Developing

Growing 'Lone Wolf' Terror Threat To UK

Britain and the Olympics face a growing threat from "lone wolf" terrorists who have taught themselves how to build bombs using al Qaeda publications, a leading security think tank has warned.

Amid fears of budget cuts to the intelligence services, the Royal United Services Institute (Rusi), which employs former spies as senior analysis and has close connections to the British Armed Forces, said in a study that Africa and the Yemen were also rapidly becoming major training areas for terrorists.

Rusi's latest UK terrorism analysis said: "The growing number of lone wolves who are radicalised and then indulge in some 'terrorist tourism' are not normally part of a well-organised pipeline of guerrilla fighters going to the jihad.

"More usually, they are personally connected to family or friends who have already gone to a conflict zone.

"Britons are thought to make up about 25% of the 200 or so foreign fighters that the al Shabaab group in Somalia currently fields, and who are engaging in a deepening war on neighbouring Kenya and its tourist trade."

Nigeria is a newly identified potential breeding ground for radicalised Islamists with strong connections to immigrants in the United Kingdom, Rusi added, following a year of violence in Nigeria blamed on Boko Haram.

"It would be surprising if both the tactics and the tensions underlying Boko Haram's campaign do not spread some ripples among the Nigerian ethnic communities in the UK," Rusi's experts said.

Spending on the intelligence services - GCHQ, MI5 and MI6 - has shot up 250% over the last 10 years since 9/11 to £3.5bn.

From 2010, they faced a cut of around 11.3% - which has largely been put off as a result of heavy spending on security for the Olympic Games.

The institute identified four main threats to the sporting spectacular.

First, a "traditional" attack organised by al Qaeda's "core" - which has been badly eroded by American drone strikes in Pakistan and the Yemen and by the killing of Osama bin Laden last year.
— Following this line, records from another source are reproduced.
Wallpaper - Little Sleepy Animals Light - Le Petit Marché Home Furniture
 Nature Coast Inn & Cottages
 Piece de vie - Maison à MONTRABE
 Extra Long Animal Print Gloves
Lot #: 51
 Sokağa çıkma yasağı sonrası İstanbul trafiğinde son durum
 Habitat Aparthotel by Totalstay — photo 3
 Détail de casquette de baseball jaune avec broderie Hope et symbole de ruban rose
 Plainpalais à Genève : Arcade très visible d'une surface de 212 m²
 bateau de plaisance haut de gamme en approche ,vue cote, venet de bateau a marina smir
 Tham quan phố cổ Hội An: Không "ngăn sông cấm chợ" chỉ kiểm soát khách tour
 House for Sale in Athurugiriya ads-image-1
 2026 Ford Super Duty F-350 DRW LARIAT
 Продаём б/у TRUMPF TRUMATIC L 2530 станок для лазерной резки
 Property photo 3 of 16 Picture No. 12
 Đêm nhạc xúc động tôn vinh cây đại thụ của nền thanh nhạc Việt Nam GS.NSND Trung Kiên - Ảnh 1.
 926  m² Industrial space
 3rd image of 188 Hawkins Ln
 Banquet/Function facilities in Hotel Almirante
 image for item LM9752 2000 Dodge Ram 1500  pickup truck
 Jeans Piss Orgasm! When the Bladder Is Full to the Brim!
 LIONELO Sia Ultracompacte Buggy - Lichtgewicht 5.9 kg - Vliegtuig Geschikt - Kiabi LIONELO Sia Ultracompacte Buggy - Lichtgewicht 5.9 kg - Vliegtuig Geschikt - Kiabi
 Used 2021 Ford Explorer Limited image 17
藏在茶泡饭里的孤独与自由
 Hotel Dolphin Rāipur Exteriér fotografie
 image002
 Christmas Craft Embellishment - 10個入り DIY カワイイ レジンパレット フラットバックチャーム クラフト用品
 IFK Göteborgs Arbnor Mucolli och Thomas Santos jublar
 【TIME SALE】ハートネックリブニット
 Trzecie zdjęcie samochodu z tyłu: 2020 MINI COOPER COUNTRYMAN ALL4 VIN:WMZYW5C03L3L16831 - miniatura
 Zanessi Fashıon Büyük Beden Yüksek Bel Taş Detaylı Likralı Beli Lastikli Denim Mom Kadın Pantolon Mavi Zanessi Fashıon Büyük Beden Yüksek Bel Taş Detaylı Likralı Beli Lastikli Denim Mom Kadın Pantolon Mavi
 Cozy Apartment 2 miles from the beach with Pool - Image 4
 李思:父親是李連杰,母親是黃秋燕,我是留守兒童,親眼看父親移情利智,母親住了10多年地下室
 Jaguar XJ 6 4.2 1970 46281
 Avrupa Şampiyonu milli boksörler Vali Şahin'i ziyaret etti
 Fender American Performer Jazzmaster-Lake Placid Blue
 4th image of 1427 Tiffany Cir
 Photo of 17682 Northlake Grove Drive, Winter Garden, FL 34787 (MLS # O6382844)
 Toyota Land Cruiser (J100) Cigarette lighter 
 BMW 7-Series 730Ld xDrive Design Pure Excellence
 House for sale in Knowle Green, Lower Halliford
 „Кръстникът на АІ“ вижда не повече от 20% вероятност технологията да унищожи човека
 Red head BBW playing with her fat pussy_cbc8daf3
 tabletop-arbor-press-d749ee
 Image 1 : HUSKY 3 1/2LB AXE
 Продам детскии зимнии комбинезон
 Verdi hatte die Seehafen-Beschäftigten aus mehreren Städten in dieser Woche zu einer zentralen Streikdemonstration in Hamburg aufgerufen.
Second, a hitherto unexamined problem with the release of dozens of men convicted of terrorist offences from British prisons, who are expected to finish their sentences over the next 12 months.

Third, it said "the lone wolf ...is perhaps the bigger threat and could extend to non-Jihadist terrorism, as we saw in the case of the Norwegian bomber Anders Behring Breivik".

"However this type of action is more prevalent amongst Jihadists...The terrorist threats to the UK are becoming increasingly diverse," the report added.

"The plots could be less elaborate and well planned than those involving al Qaeda core, and thus less predictable and more volatile.

"Even this threat is set to evolve in a significant way, however, as more experienced lone wolf terrorists are likely to be returning to Britain in the next couple of years, not from training camps in Pakistan and via airports in Karachi and Dubai; but from wars in Somalia, Yemen or Nigeria.

"Also from the renewed violence in Iraq, and from destinations and via routes that will be far more difficult for security services to monitor."

Lastly, Rusi said there remained a dissident Irish republican rump which might try to disrupt the Olympics - although most experts see this as a very distant prospect.

Rusi, perhaps with a nudge from its sources in the intelligence community, warned that future cuts to the spooks' budgets should be carefully scrutinised.

"In many respects, the Olympic Games are likely to prove a major turning point in the allocation of resources for UK counter-terrorism," it said.

"If the Olympics end with no major incident, this will mean that no terrorist attack has taken place since the 2007 attack on Glasgow International Airport.

"Therefore it is difficult to see the appetite for counterterrorism spending and staffing levels to continue at the rates sustained throughout the 2000s.

"Clearly the lack of a successful attack in five years is in no small part due to the large investments and changes that have been made in the security mechanisms for countering such threat. Yet, there is a sense of inevitability that change is on its way."